* Directions: Please produce an exact copy of only the lines from the one with "Libro: Vision Board" through the last one of the material, without pictures.

* Data provided:
- - -

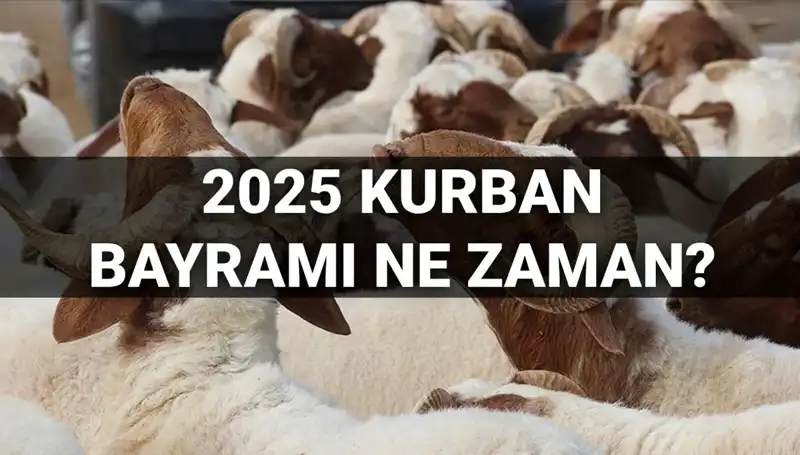 Kurban Bayramı Ne Zaman Kutlanacak? 2025 Tatili Hakkında Bilgiler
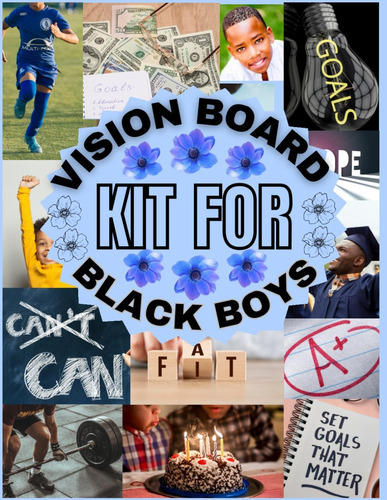 Libro: Vision Board Kit For Black Boys: Unleash The Power Of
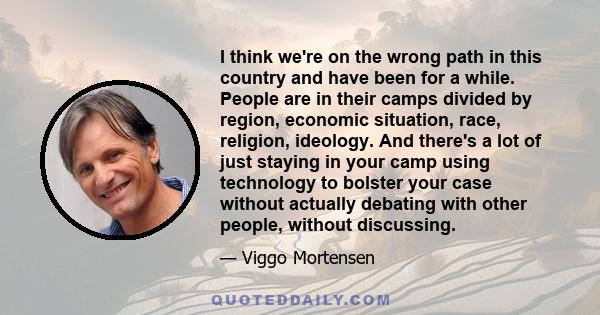 I think we're on the wrong path in this country and have been for a while. People are in their camps divided by region, economic situation, race, religion, ideology. And there's a lot of just staying in your camp using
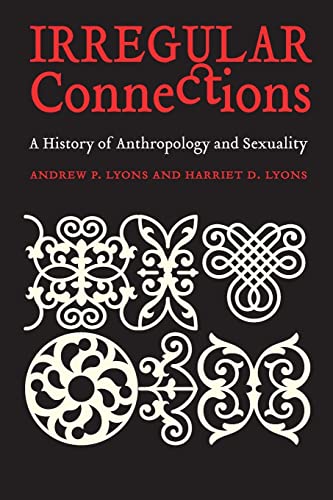 9780803280366: Irregular Connections: A History of Anthropology and Sexuality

- - -

* Result for this task:
 Libro: Vision Board Kit For Black Boys: Unleash The Power Of
 I think we're on the wrong path in this country and have been for a while. People are in their camps divided by region, economic situation, race, religion, ideology. And there's a lot of just staying in your camp using
 9780803280366: Irregular Connections: A History of Anthropology and Sexuality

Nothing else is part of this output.